I am working with the R programming language. I am trying to scrape the following website: https://en.wikipedia.org/wiki/List_of_unincorporated_communities_in_Ontario
I tried the code below:
library(rvest)
url<-"https://en.wikipedia.org/wiki/List_of_unincorporated_communities_in_Ontario"
page <-read_html(url)
#find the div tab of class=one_third
b = page %>% html_nodes("li")
This seems to have produced some result, but I am not sure what to do with this.

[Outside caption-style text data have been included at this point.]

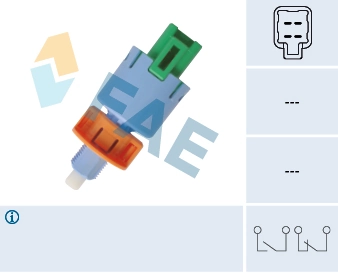 Stop Light Switch 24693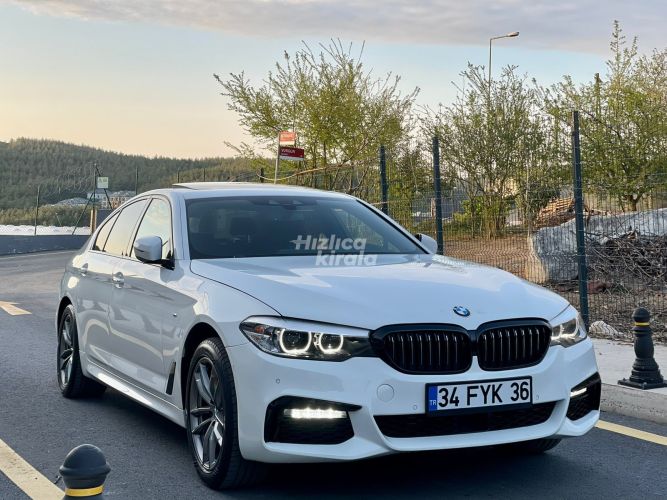 BMW 5 Serisi - 601-1300cm3 OTOMATİK 2018 Model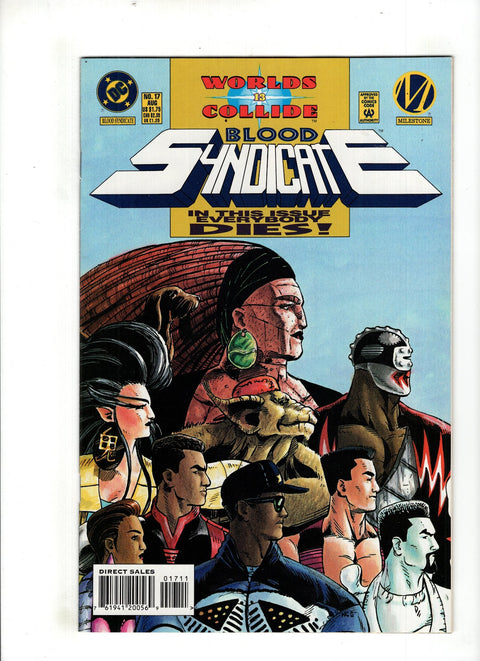 Blood Syndicate #17 (1994) Buy & Sell Comics Online Comic Shop Toronto Canada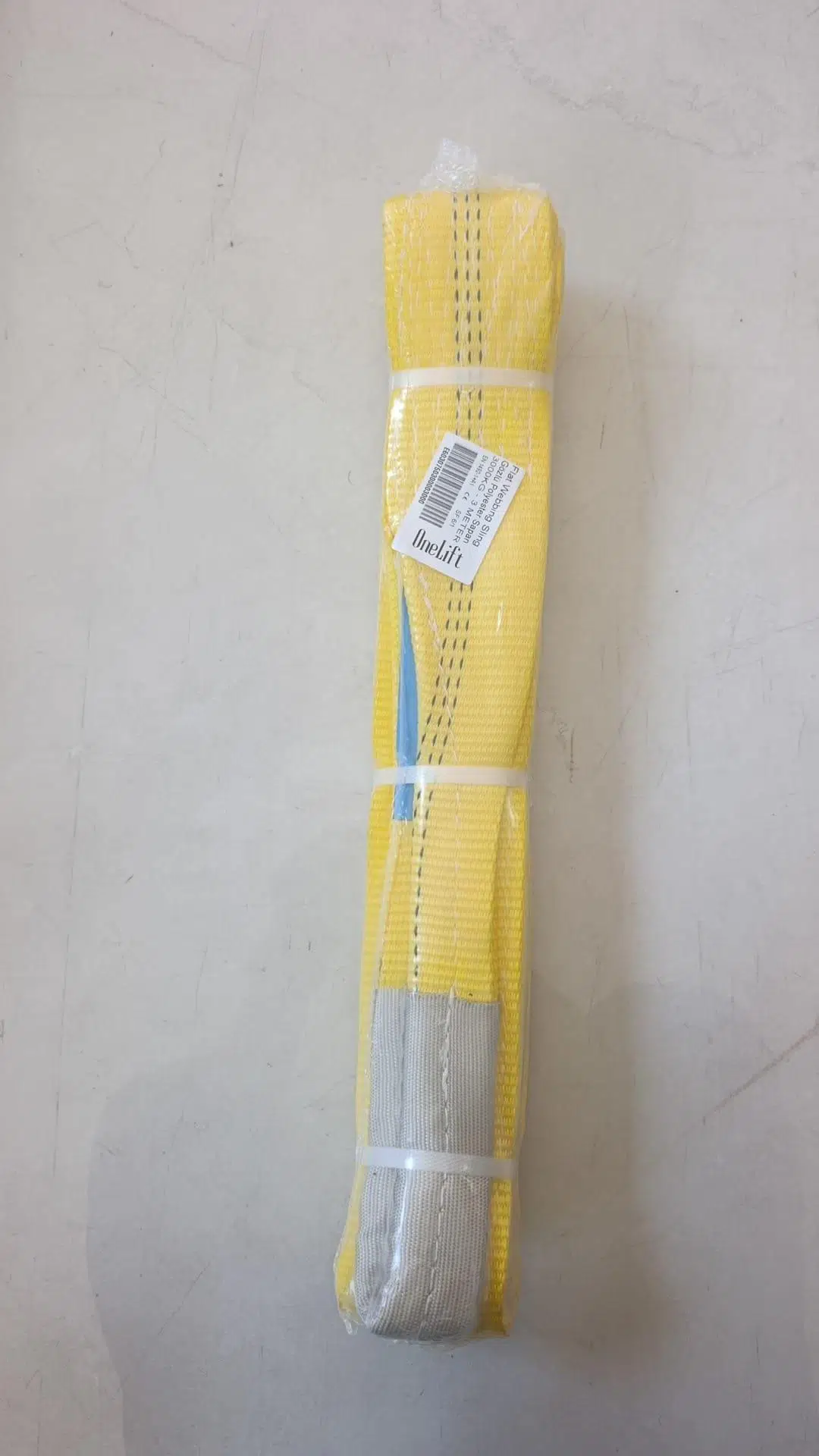 3 METRE 3 TON Çeker SAPAN HALAT Zekioğlu Group Flat Webbing Sling Gözlü Polyester Sapan 3000Kg Taşıma Kapasiteli 3 Metre Kaldırma Sapanı 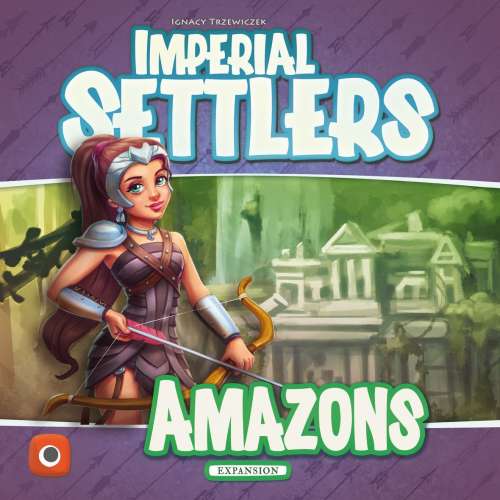 Imperial Settlers: Amazons - разширение за настолна игра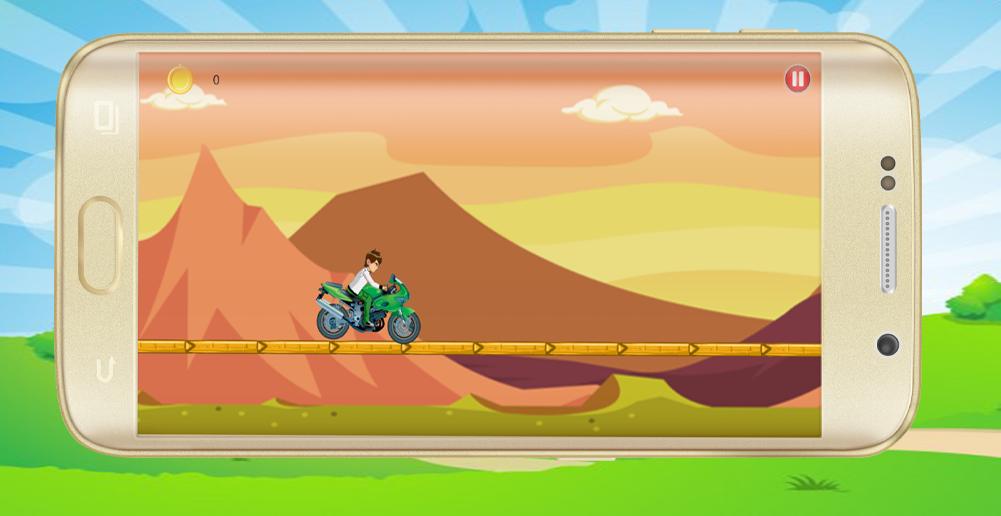 Ben Motorbike 10
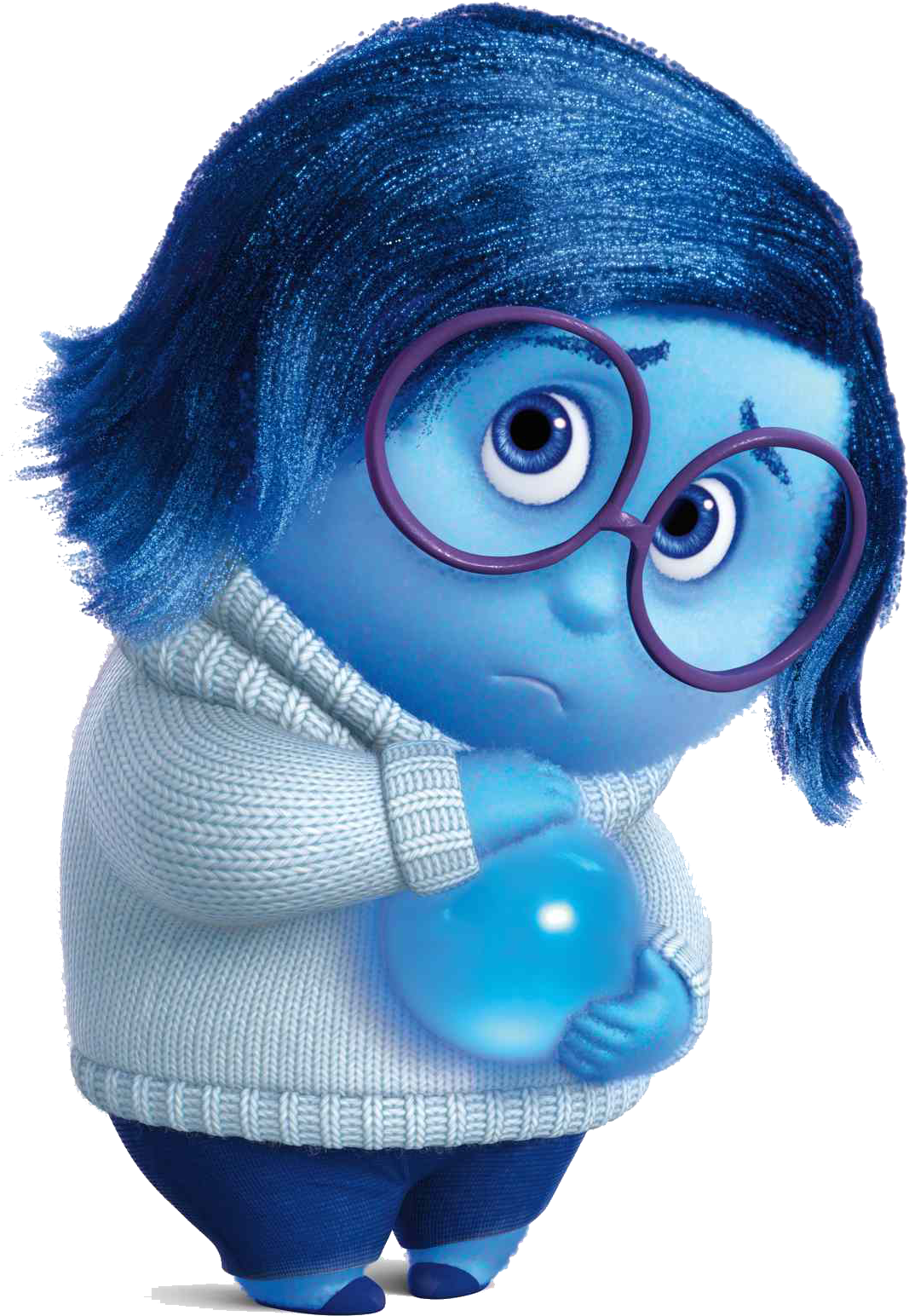 Sadness Inside Out Png, Transparent Png PNG with transparent background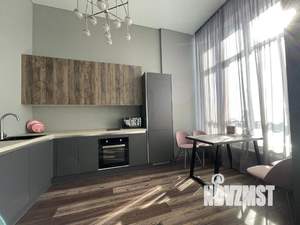 1-к квартира, посуточно, 45м2, 1/1 этаж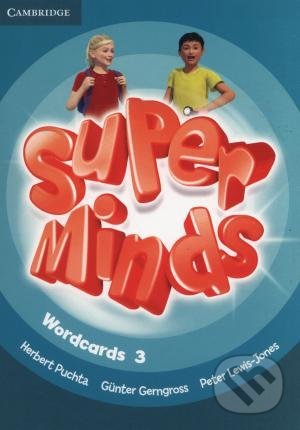 Levně Super Minds Level 3 (Wordcards (Pack of 83)) - Herbert Puchta, Günter Gerngross, Peter Lewis-Jones - kniha z kategorie Jazykové učebnice a slovníky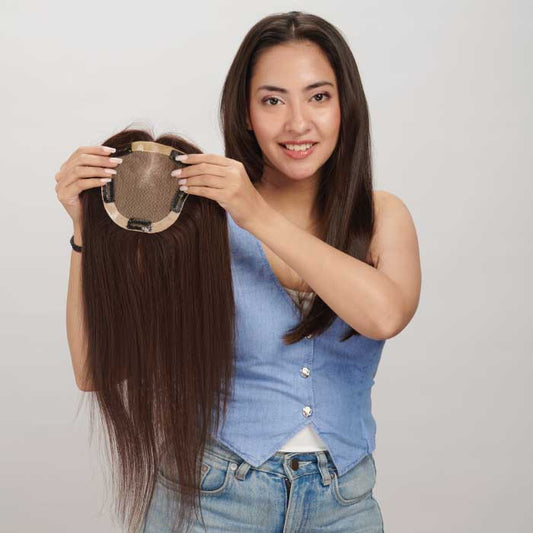 Hair Toppers vs Wigs: What’s the Difference?
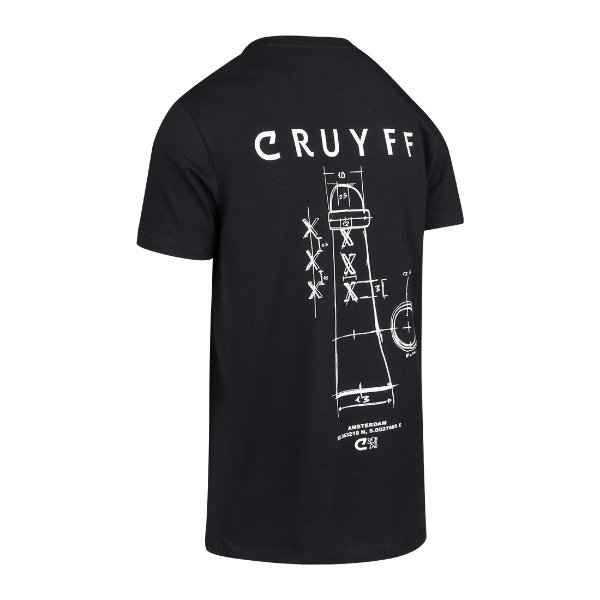 Cruyff - CITY PACK Amsterdam T-Shirt - Black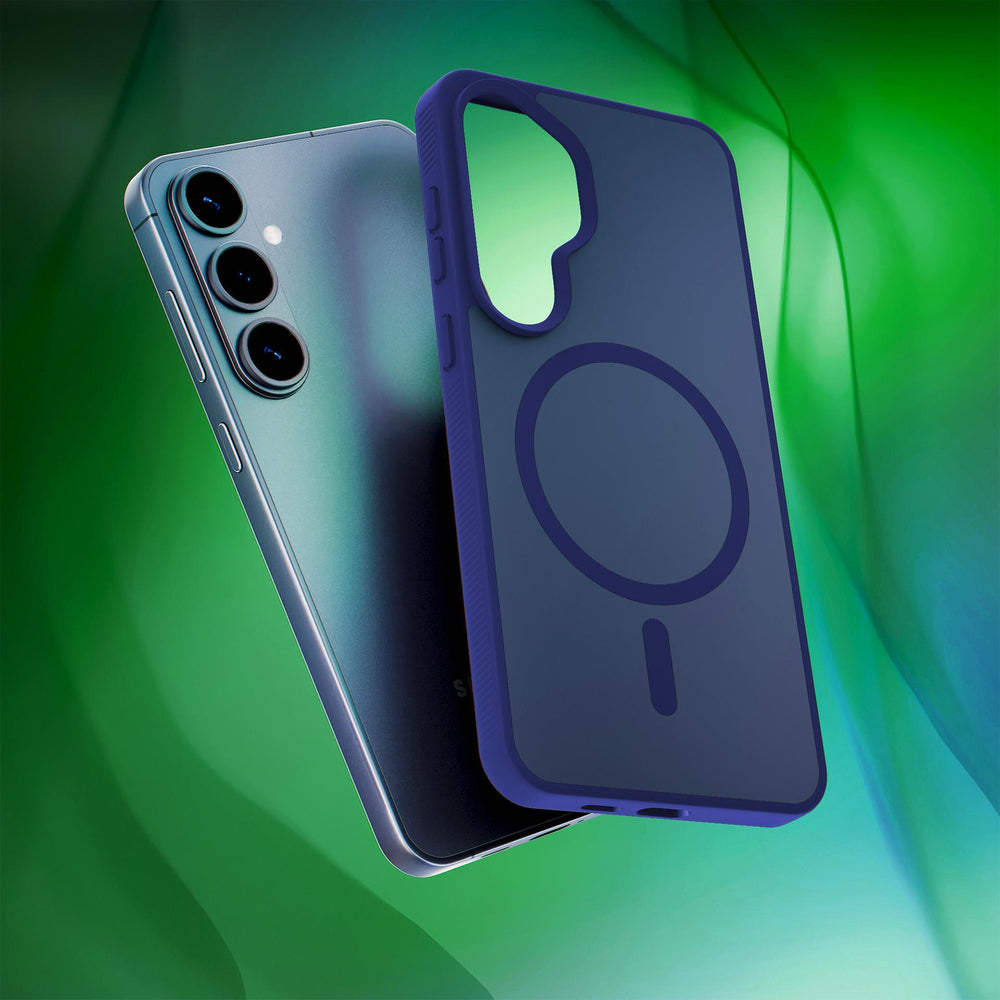 Etui 3mk Smoke MagCase na Samsung Galaxy S26 - granatowe_15
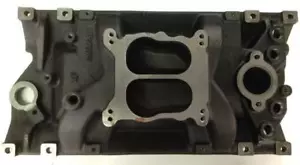 Mercruiser 5.0L, 5.7L Cast Iron Intake Manifold. 4BBL Vortec 8 Bolt. 8M0061387 - Bild 1 von 2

Ideally, I would like the final results to look something like this:
id names
1 Aberdeen
2 Grey County
3 Aberdeen
4 Prescott and Russell County
5 Aberfeldy
... ...
6 Babys Point
7 Baddow
8 Baden
... ......
Can someone please show me how to do this?
Thanks!
CodePudding user response:
You can find the appropriate names as anchor elements nested within list elements using css or xpath selectors. Then, extract these using html_text
. Here's a full reprex:
library(rvest)
result <- "https://en.wikipedia.org/wiki/" %>%
paste0("List_of_unincorporated_communities_in_Ontario") %>%
read_html %>%
html_elements(xpath = '//ul/li/a') %>%
html_text() %>%
`[`(-(1:29)) %>%
as.data.frame() %>%
setNames('Community')
head(result, 10)
#> Community
#> 1 10th Line Shore
#> 2 Aberdeen, Grey County
#> 3 Aberdeen, Prescott and Russell County
#> 4 Aberfeldy
#> 5 Aberfoyle
#> 6 Abingdon
#> 7 Abitibi 70
#> 8 Abitibi Canyon
#> 9 Aboyne
#> 10 Acanthus
Created on 2022-09-15 with reprex v2.0.2